Kontrakt Włocha oficjalnie zacznie obowiązywać 31 marca 2017 r. i potrwa do 31 października 2020 r. De Giorgi ma więc szansę popracować cztery sezony reprezentacyjne, aż do igrzysk w Tokio, choć po dwóch latach przejdzie pierwszą weryfikację. Ma zarabiać około 10 tysięcy euro miesięcznie.
W kontrakcie jest furtka: jeśli trenerowi powinęłaby się noga, można skorzystać z 3-miesięcznego wypowiedzenia i związek nie będzie płacił żadnych kar. Do końca rozgrywek PlusLigi De Giorgi pozostanie opiekunem mistrza Polski - Zaksy Kędzierzyn.
- Wyniki i to, co na razie prezentujemy, przemawiają na jego korzyść. Nie tylko w zeszłym sezonie, ale i w obecnym "Fefe" kontynuuje dobrą pracę - mówi "SE" Dawid Konarski (27 l.), podopieczny De Giorgiego w Zaksie i atakujący reprezentacji Polski.
I uprzedza przyszłych podopiecznych Włocha, że nie będzie im lekko.

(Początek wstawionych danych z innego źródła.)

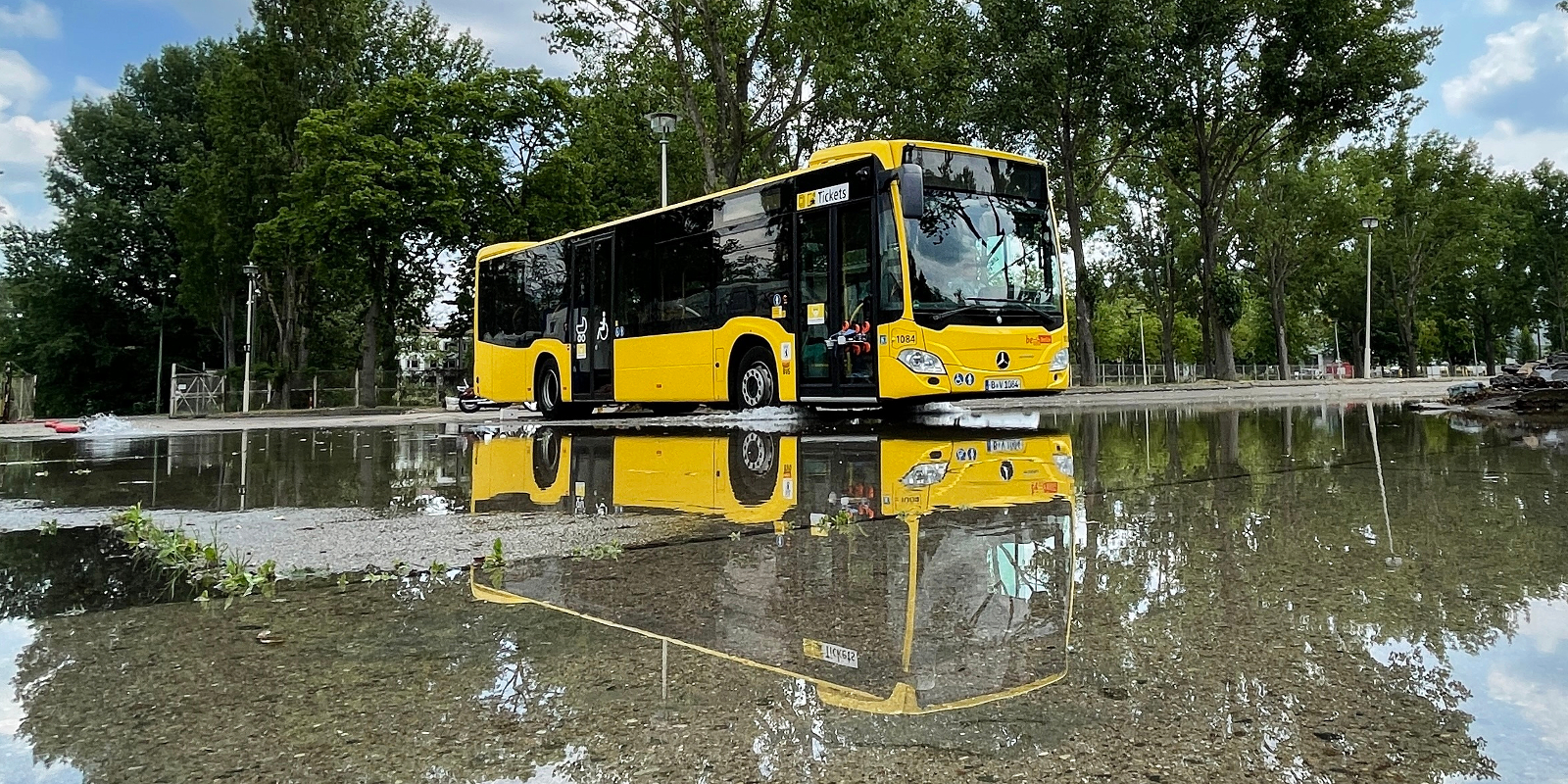 Bus der BVG mit mobiler Sensorik fährt über gefluteten Platz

- Trener stawia na pracę i przykłada wielką wagę do jakości zajęć. Nie interesuje go jedynie odbębnienie trzech godzin treningu. Na każdym kroku przypomina, że nie ma mowy o odpuszczeniu żadnej piłki - podkreśla Konarski. - Po pierwszym roku pracy w Zaksie, gdy zdobyliśmy złoto, stwierdził krótko, że nie ma osiadania na laurach. Nic się samo nie wygra. Cały czas nas pilnuje, wciąż musimy dawać z siebie maksa na treningu. Każde przyśnięcie na zajęciach jest od razu "nagradzane" - opowiada atakujący kędzierzynian, ale nie obawia się czekającego wyzwania.